__WHAT THE EXERCISE ASKS__.
Given the entries that follow, write out exactly the lines starting at the one containing "4 Bedroom Property" and ending at the one containing "Обои картинки фото", both ends included, and only those.

__RECORDS SHOWN__.
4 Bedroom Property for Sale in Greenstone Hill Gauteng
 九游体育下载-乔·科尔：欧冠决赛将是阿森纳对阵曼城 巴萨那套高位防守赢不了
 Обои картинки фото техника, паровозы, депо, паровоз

* * *

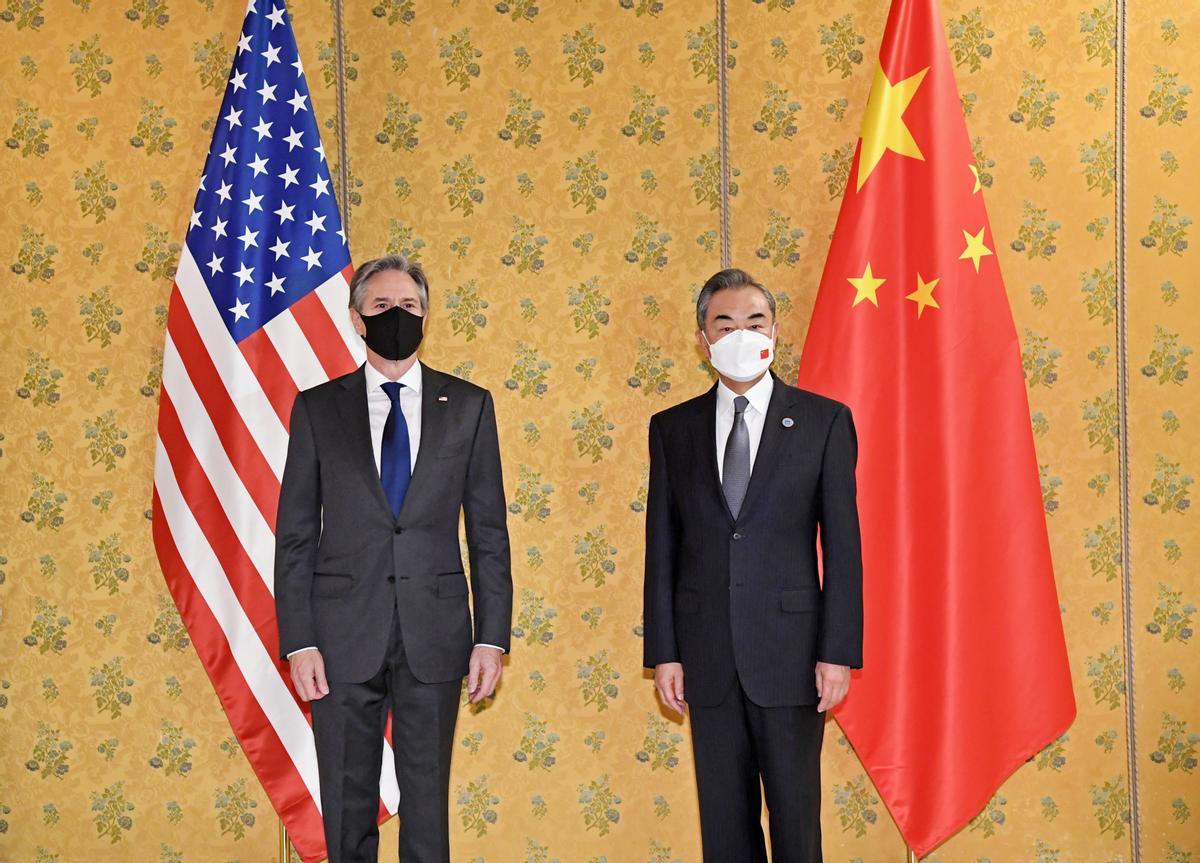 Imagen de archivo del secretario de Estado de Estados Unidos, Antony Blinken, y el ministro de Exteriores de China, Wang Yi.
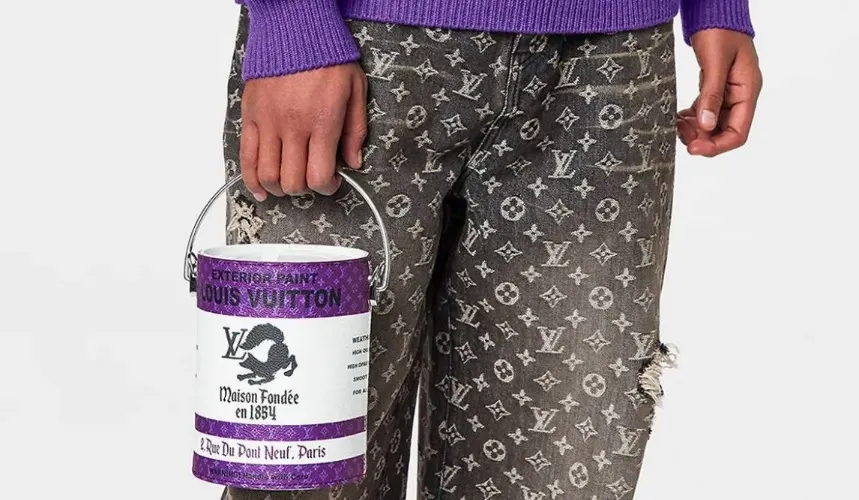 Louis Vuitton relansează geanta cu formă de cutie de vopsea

__TASK RESPONSE__.
4 Bedroom Property for Sale in Greenstone Hill Gauteng
 九游体育下载-乔·科尔：欧冠决赛将是阿森纳对阵曼城 巴萨那套高位防守赢不了
 Обои картинки фото техника, паровозы, депо, паровоз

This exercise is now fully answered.